As i disclaimed, it's a big if, an impossible if. As much as i'd love to see
these people suffer in this uniquely funny way, prohibition never works.

------
cristianpascu
So a porn website (by far, the most effective mean to objectify women) is
protesting a law that adds a new layer of social pressure towards women and
girls. I don't see men having a problem with women entering mens room. But I
do see women feeling uncomfortable with a man entering woman's room. No matter
how far will the theory of subjective gender go, it will take decades, if
ever, until women and men will simply ignore physical gender. If that will
ever happen.

My concern is two fold. One, for transgender persons, who will fear the
reaction they will get every time they enter the restroom. And second,
basically any person can claim to be of the opposite gender, and walk in to
fulfill a sexual fantasy, even a mild one.

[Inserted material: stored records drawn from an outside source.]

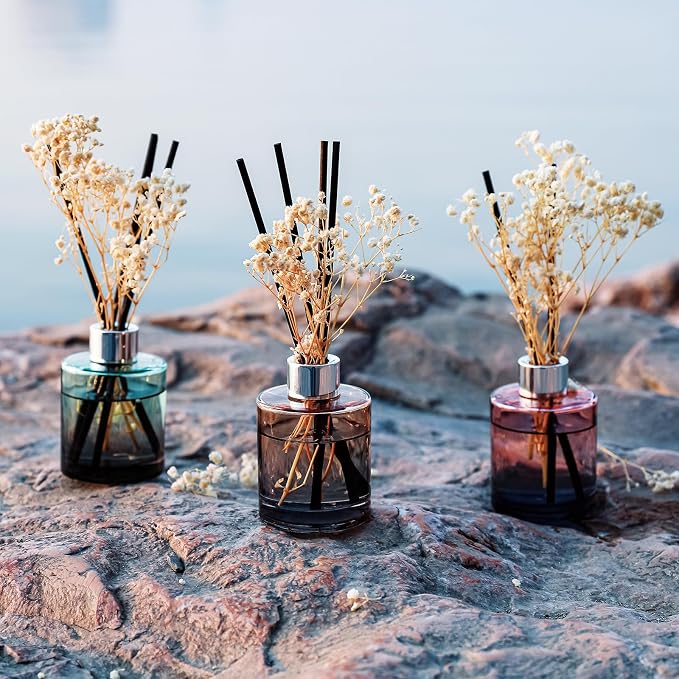 Brakula 3 Pack Reed Diffuser, Oil Diffuser Sticks, Fresh Linen, Eucalyptus&Wild Mint, Lavender Vanilla (4 fl oz Each Pack), Home Fragrance with 18 Sticks, Home Decor, Reed diffusers for Home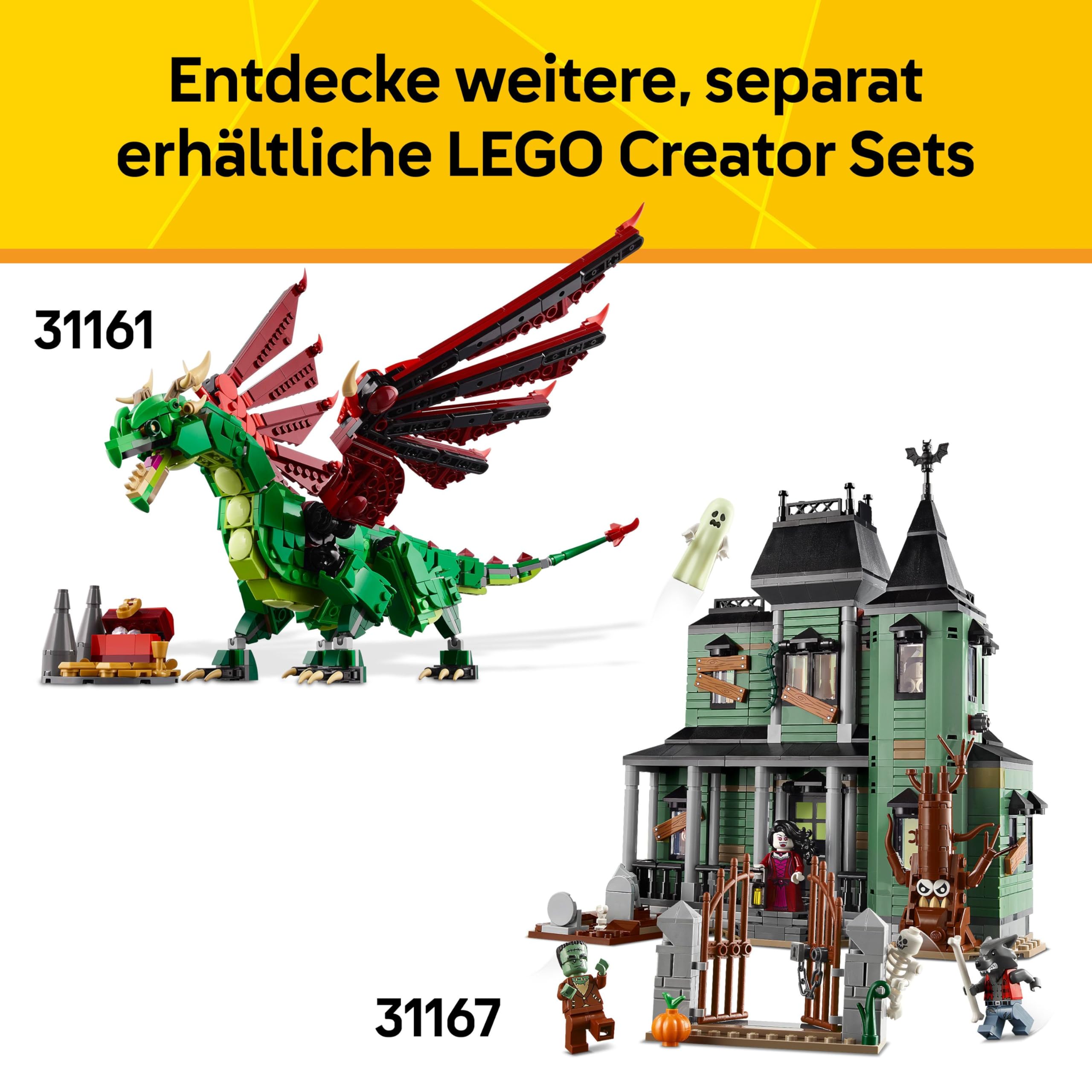 LEGO Creator 3-in-1 Ritterburg 31168, umbaubar in Turnierszene oder Stadt, inkl. 6 Minifiguren, Geschenk ab 9 Jahren
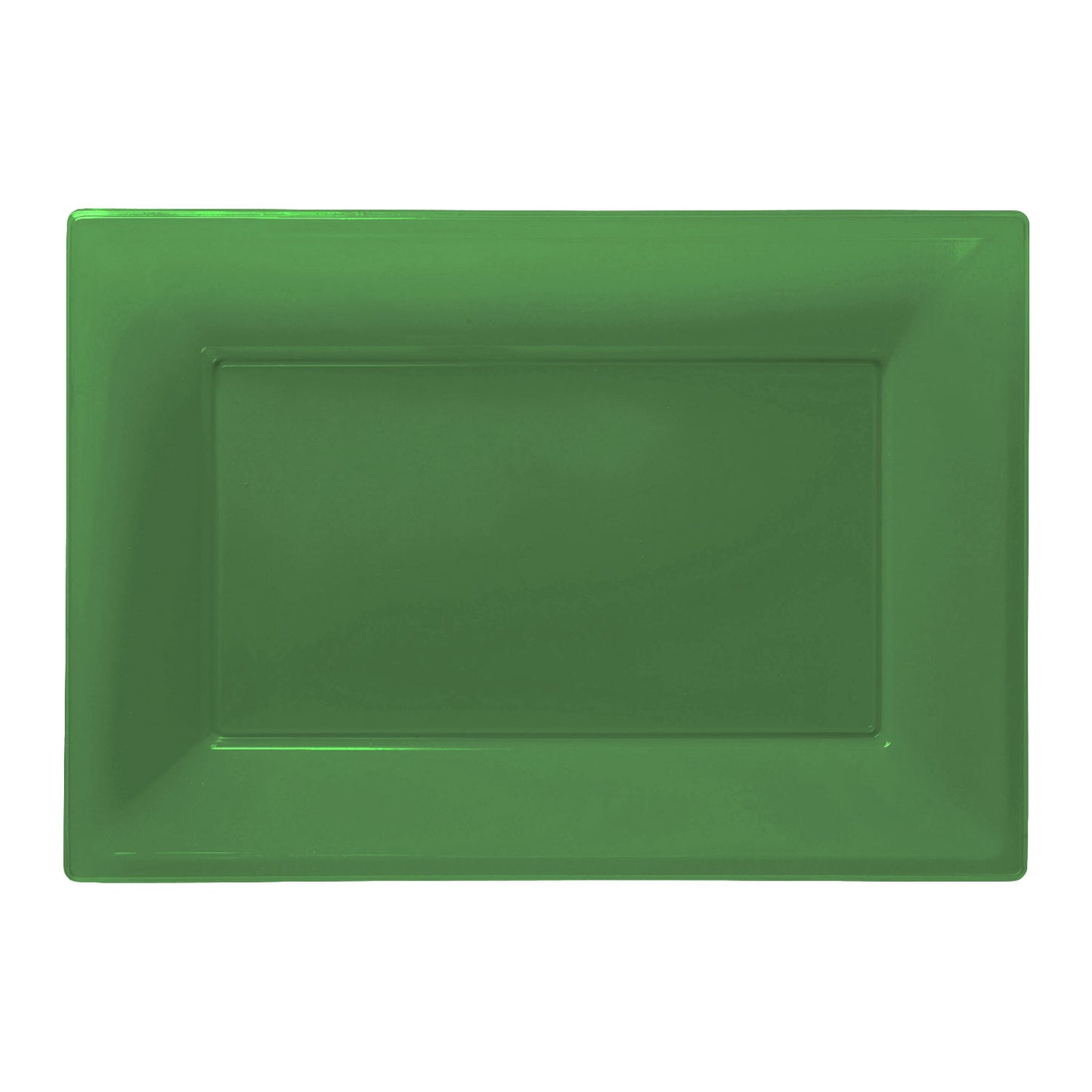 9903727 IP X6 - Festive Green Plastic Platters 33cm x 23cm - 6 PKG/3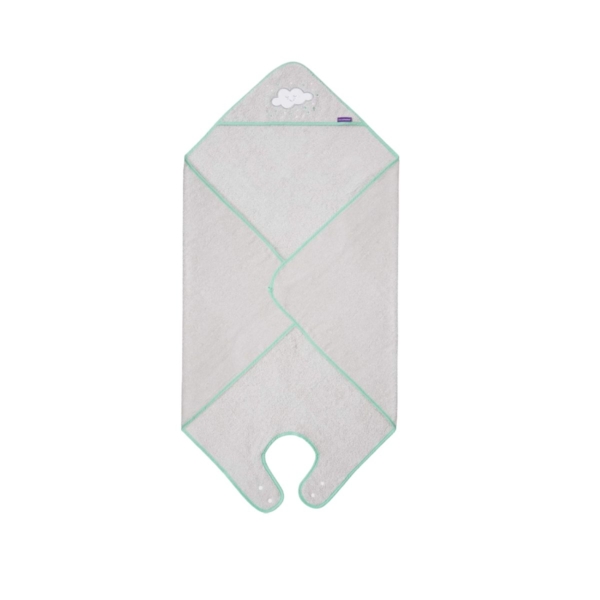 ClevaMama Soft Cotton Apron Baby Bath Towel-Grey (New 2022)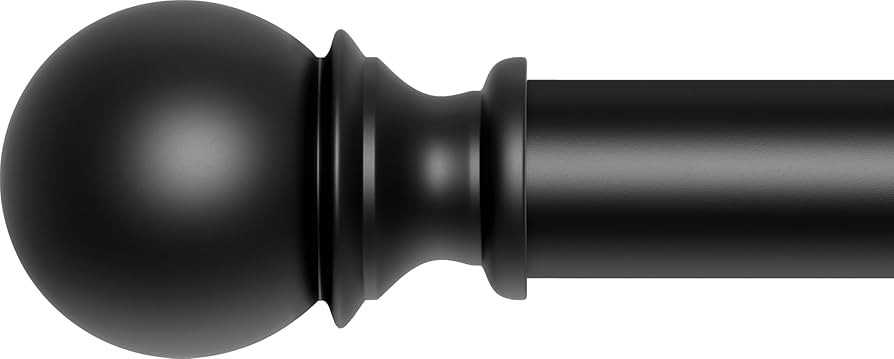 Curtain Rods for Windows 48 to 84, 1 Inch Black Curtain Rod Set, Heavy Duty Drapery Rods with Adj... | Amazon (US)
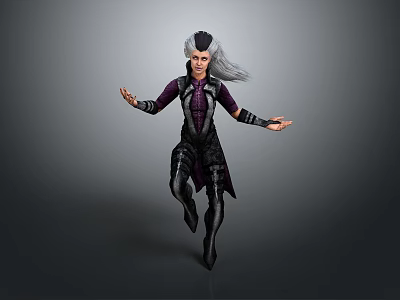 3D Female Fantasy Warrior With White Long Hair Dark Purple Armor Dynamic Pose Gray Background 3d model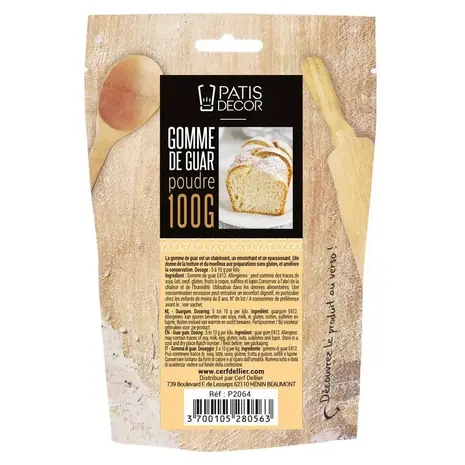 Patis Decor Guargom, natuurlijk verdikkings- en stabilisatiemiddel, 100 g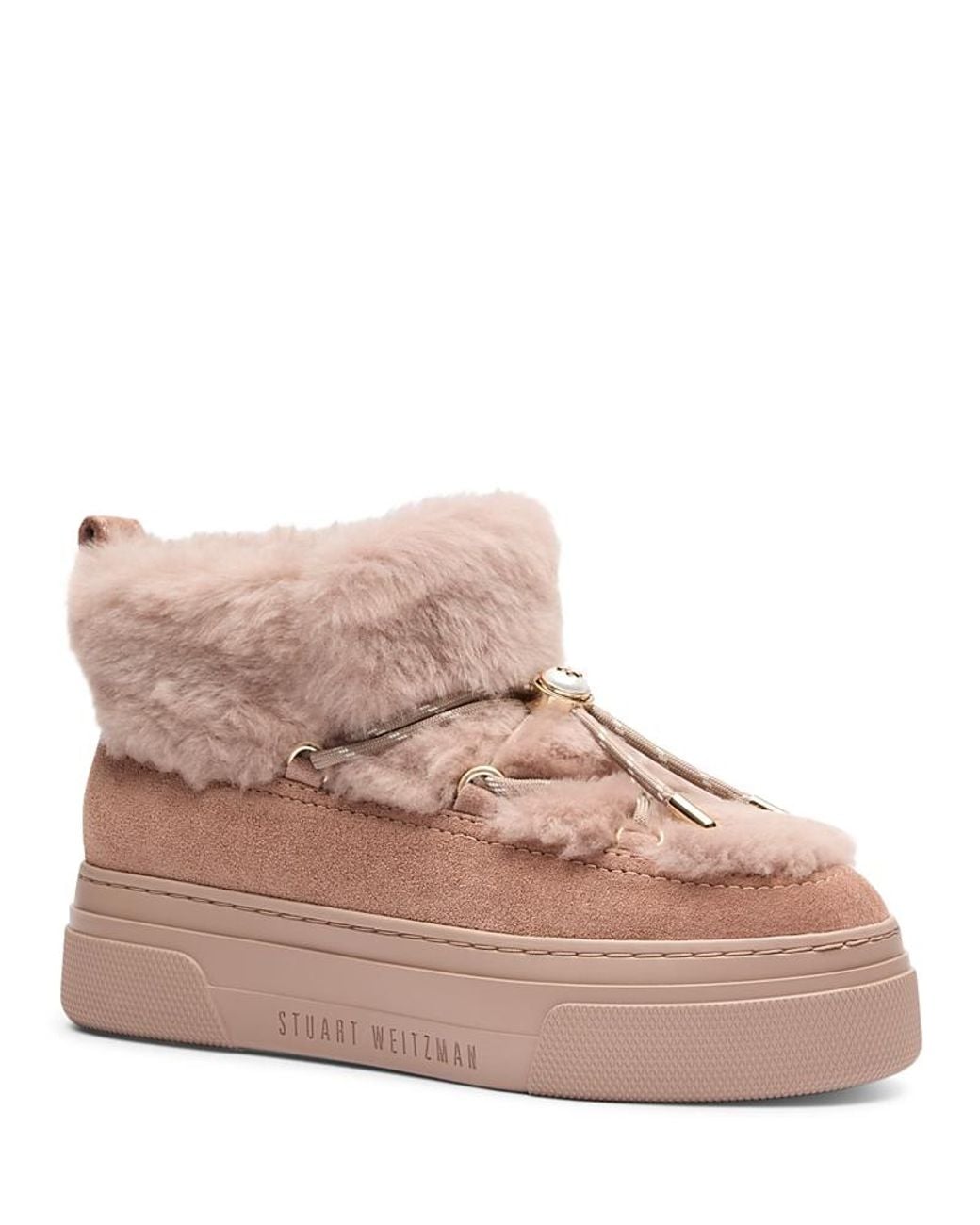 Stuart Weitzman Pink Alpine Cozy Shearling Lined Low Boots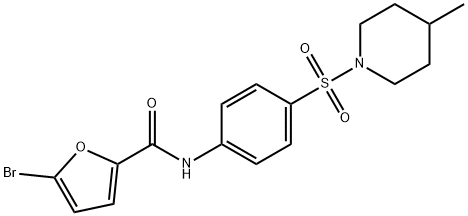 5-bromo-N-{4-[(4-methyl-1-piperidinyl)sulfonyl]phenyl}-2-furamide 结构式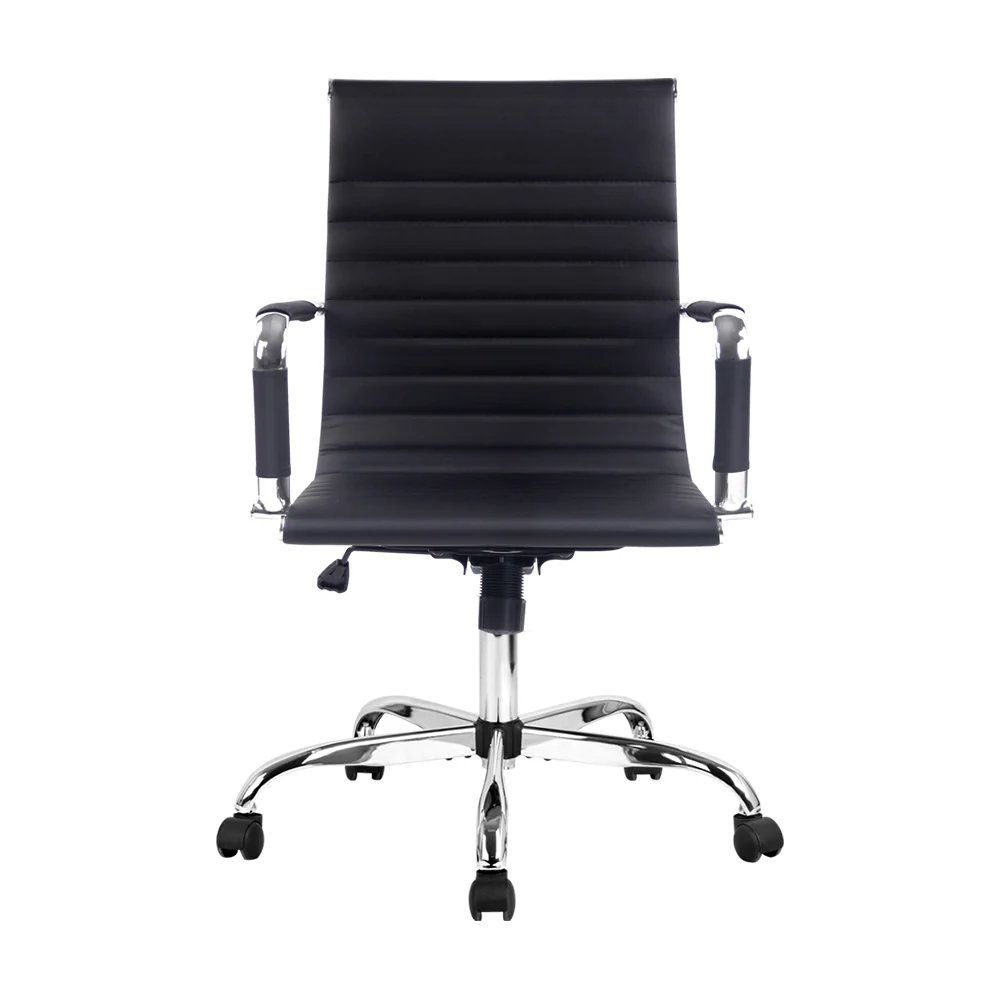 Office Chair PU Leather Mid Back Black - Image 3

I simply don't understand what is the huge effort in using the restroom
appropriate to your physical gender, and simply avoid the psychological
conflict with the rest of the population. Especially considering the high
rates of mental illness and suicidal thoughts and attempts among transgender
persons. This, for now, will only add to that. Do they really need to be
subjects in a future study that will show the impact of such laws? Or used as
ammunition for 'transphobia' accusations in the media or elsewhere? Will the
victims of the first line in the war of imposing a policy in the society be
really worth it, especially if that increases their chances of committing
suicide?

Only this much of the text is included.